'IndexError: list index out of range' after 'Number of phage genomes detected with mash distance of < 0.2 is:4'

GeoMicroSoares commented 1 year ago

Hi there @amillard,

I'm trying to apply this tool to my dataset of a couple hundreds of metagenome-recovered viruses (consensus viral sequences acc. to VIBRANT & VirSorter2 with >70% checkV completeness & checked for eukaryotic sequences). However, I keep getting a IndexError: list index out of range error. More output below - the genome I ran tried the tool with is 378,353bp as indicated in the name.
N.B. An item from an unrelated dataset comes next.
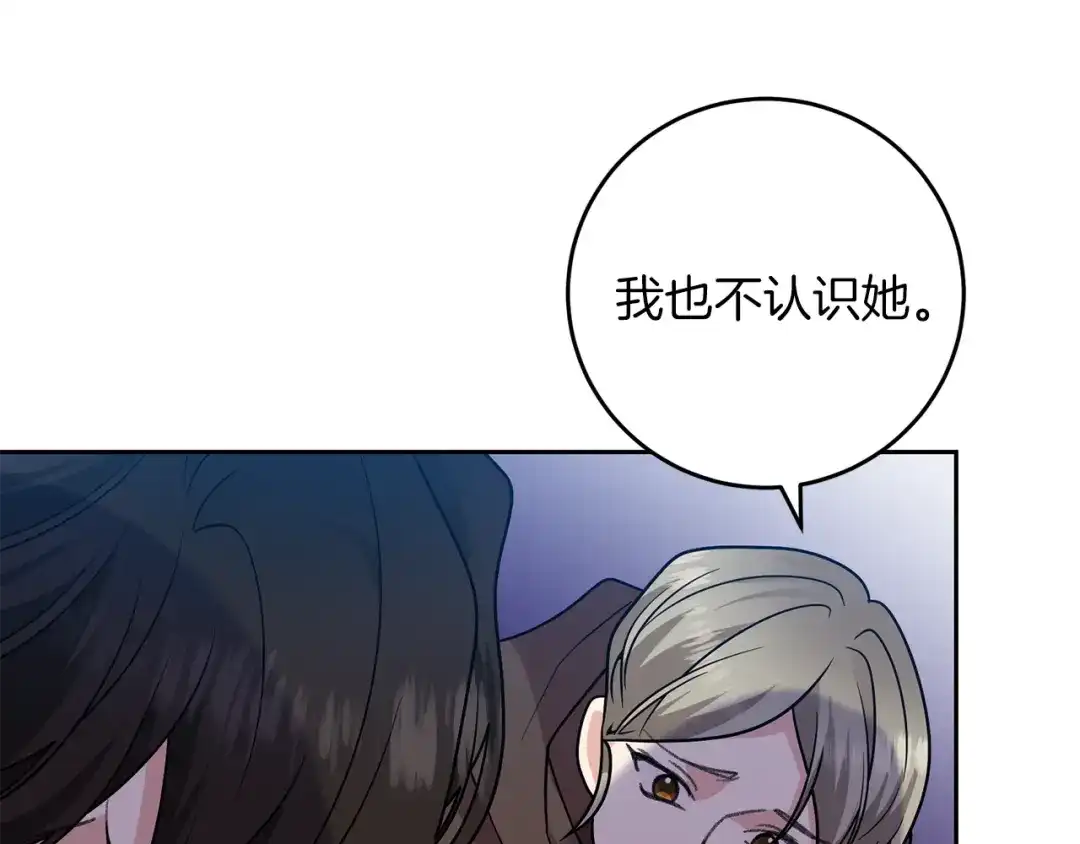 《反叛皇子的御用教师》第79话 解救爱人 第147页
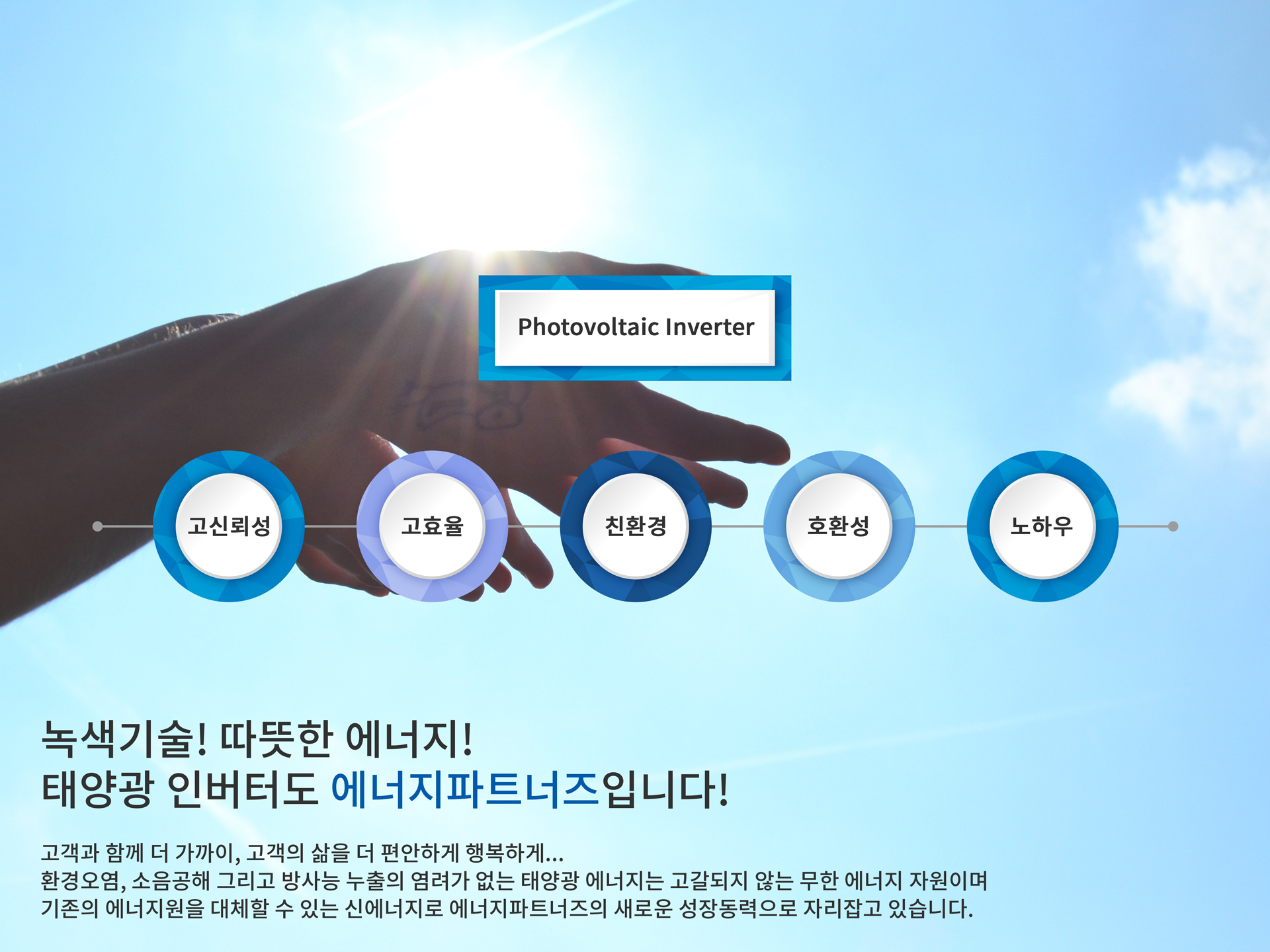 태양광인버터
$ python tax_myPHAGE/tax_myPHAGE.py -t 10 -i viruses_oneGenomeFasta/viral_scaffolds_mgshot_S7938Nr1_lt70_checkv_noEuks.id_mgshot_S7938Nr1_27_length_378353_cov_15.fasta --Figures F
Found virus.a/tax_myPHAGE.a/tax_myPHAGE/VMR.xlsx as expected
Found virus.a/tax_myPHAGE.a/tax_myPHAGE/ICTV.msh as expected
Found virus.a/tax_myPHAGE.a/tax_myPHAGE/Bacteriophage_genomes.fasta as expected

Warning: Directory 'virus.a/tax_myPHAGE.a/viral_scaffolds_mgshot_S7938Nr1_lt70_checkv_noEuks.id_mgshot_S7938Nr1_27_length_378353_cov_15_taxmyphage_results'already exists. All results will be overwritten.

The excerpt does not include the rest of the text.